The various types of commits:

  • feat: (new feature for the user, not a new feature for build script)
  • fix: (bug fix for the user, not a fix to a build script)
  • docs: (changes to the documentation)
  • style: (formatting, missing semi colons, etc; no production code change)
  • refactor: (refactoring production code, eg. renaming a variable)
  • test: (adding missing tests, refactoring tests; no production code change)
  • chore: (updating grunt tasks etc; no production code change)

Use lower case not title case!

Code conventions

Style guide

Prettier will catch most styling issues that may exist in your code. You can check the status of your code styling by simply running npm run prettier.

However, there are still some styles that Prettier cannot pick up.

General

  • Most important: Look around. Match the style you see used in the rest of the project. This includes formatting, naming files, naming things in code, naming things in documentation.

Documentation

  • Do not wrap lines at 80 characters - configure your editor to soft-wrap when editing documentation.

Pull requests

Your first pull request

So you have decided to contribute code back to upstream by opening a pull request. You've invested a good chunk of time, and we appreciate it. We will do our best to work with you and get the PR looked at.

Working on your first Pull Request? You can learn how from this free video series:

How to Contribute to an Open Source Project on GitHub

Proposing a change

If you would like to request a new feature or enhancement but are not yet thinking about opening a pull request, you can also file an issue with feature template.

Sending a pull request

Small pull requests are much easier to review and more likely to get merged. Make sure the PR does only one thing, otherwise please split it. It is recommended to follow this commit message style.

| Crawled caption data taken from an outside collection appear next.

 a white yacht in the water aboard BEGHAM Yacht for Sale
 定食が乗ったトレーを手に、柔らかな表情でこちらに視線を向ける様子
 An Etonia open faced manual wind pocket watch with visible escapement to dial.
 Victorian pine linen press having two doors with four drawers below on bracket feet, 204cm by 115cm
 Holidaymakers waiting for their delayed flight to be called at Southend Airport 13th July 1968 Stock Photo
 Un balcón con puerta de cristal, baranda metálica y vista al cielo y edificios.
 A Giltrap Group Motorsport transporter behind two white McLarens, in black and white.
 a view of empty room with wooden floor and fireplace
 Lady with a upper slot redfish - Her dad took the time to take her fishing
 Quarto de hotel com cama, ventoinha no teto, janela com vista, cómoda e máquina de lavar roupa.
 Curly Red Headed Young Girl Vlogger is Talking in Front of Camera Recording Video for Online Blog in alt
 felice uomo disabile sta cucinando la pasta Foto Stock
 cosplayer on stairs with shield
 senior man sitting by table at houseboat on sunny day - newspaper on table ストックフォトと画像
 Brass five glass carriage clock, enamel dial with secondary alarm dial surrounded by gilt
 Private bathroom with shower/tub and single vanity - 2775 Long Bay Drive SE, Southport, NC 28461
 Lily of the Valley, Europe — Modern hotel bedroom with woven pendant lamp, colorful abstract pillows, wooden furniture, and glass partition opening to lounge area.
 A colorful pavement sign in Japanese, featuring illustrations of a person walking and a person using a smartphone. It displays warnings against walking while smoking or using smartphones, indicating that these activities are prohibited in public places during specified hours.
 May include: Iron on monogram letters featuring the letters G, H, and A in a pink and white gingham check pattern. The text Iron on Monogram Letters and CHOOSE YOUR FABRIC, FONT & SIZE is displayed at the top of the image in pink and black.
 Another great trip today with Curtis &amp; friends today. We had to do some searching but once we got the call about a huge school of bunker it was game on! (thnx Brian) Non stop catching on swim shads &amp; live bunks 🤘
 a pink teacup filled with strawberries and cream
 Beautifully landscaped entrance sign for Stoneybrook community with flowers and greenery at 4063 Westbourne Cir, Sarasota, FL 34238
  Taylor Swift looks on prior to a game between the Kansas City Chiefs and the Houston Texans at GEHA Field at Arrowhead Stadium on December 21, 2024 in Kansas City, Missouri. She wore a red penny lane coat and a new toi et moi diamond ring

Please make sure the following is done when submitting a pull request:

  1. Fork the repository and create your branch from master.
  2. Make sure to test your changes.
  3. Make sure your code lints (yarn prettier && yarn lint).

All pull requests should be opened against the master branch.

Breaking changes

When adding a new breaking change, follow this template in your pull request:

### New breaking change here

- **Who does this affect**:
- **How to migrate**:
- **Why make this breaking change**:

What happens next?

The core React Schedule Meeting team will be monitoring for pull requests. Do help us by keeping pull requests consistent by following the guidelines above.

License

By contributing to React Schedule Meeting, you agree that your contributions will be licensed under its MIT license.